The problem is that if your body type or personal style differs from the Hollywood femme-du-jour, you get called a dog - which, considering the source of these comments, is pretty damn ludicrous on its own - and if you're attractive, it isn't much better. Guys on the internet even seem to think they mean well in drooling over an attractive woman associated in any way with the industry, and it can be flattering at first, but in the end, it's the same old debasement, the same old problem in a nicer wrapper: You can only be worth something as a woman if you are - scratch that, if your body is eye candy.

Is there anything wrong with the grrl clans? No, of course not, and watching them wipe the floor with cocky adolescent hot shots is a unique and singular pleasure. But we should never fall victim to the illusion that they represent women in the industry, or - and this is worse - that they help solve the problem of gender disparity. A solution to that issue would be one that does not involve a photograph clipped to the resume.

The Mirror Ceiling
This is not to say that sexuality, however, is what keeps women out of games; the game development working environment often does that well enough on its own. And it certainly isn't alone in its sins. But the solution, like pulling out of a tailspin at six hundred miles an hour, isn't easy and it isn't simple.
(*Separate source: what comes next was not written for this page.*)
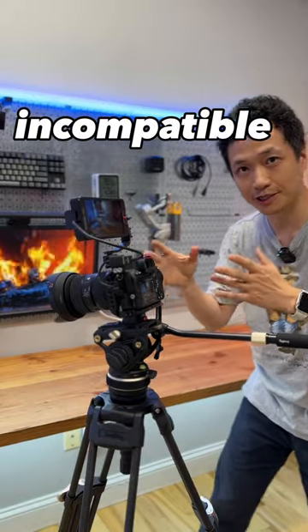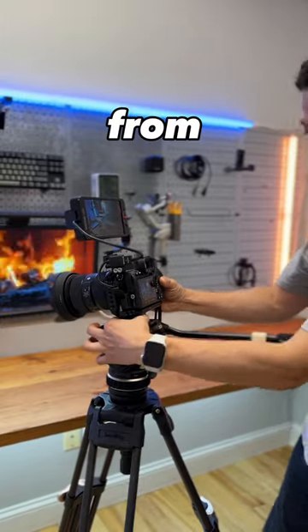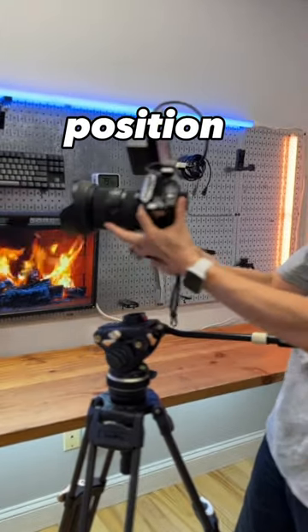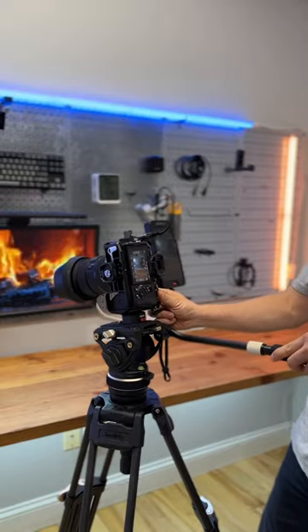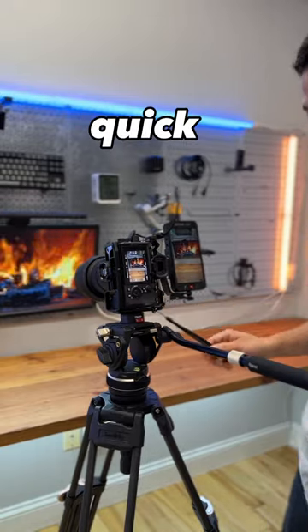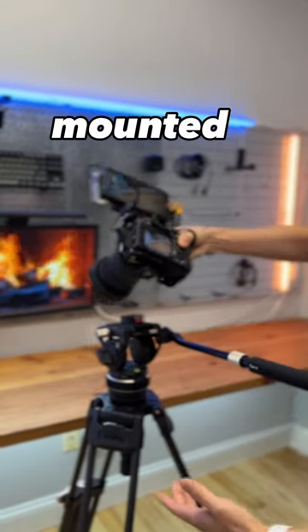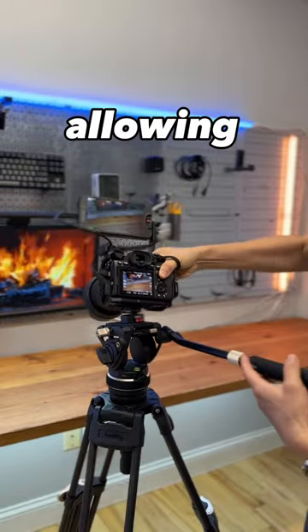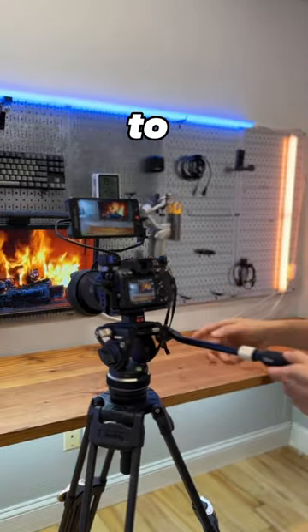The camera full cage is usually incompatible with this rotatable mount to change it from vertical to horizontal position. Here is a quick fix by using the Ulanzi quick release with the cage. I have two plates mounted on the cage, allowing me to easily switch from one position to the other.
The "feeder" conduits that bring people into games provide a natural starting point. So, let's look at schools. One telling point for diversity is that women excel in professional computing environments, but often struggle in, or fail to enter, technical schools. Real-life development requires communication skill, social skill and teamwork, three things rarely taught in technical instruction facilities. Instead, they focus on an isolating independent project atmosphere that is largely out of touch with the reality of professional software development. Female programmers, some of my friends among them, often find themselves doing the work by accident as part of another job, and then finding - to their surprise - that they like it and are good at it.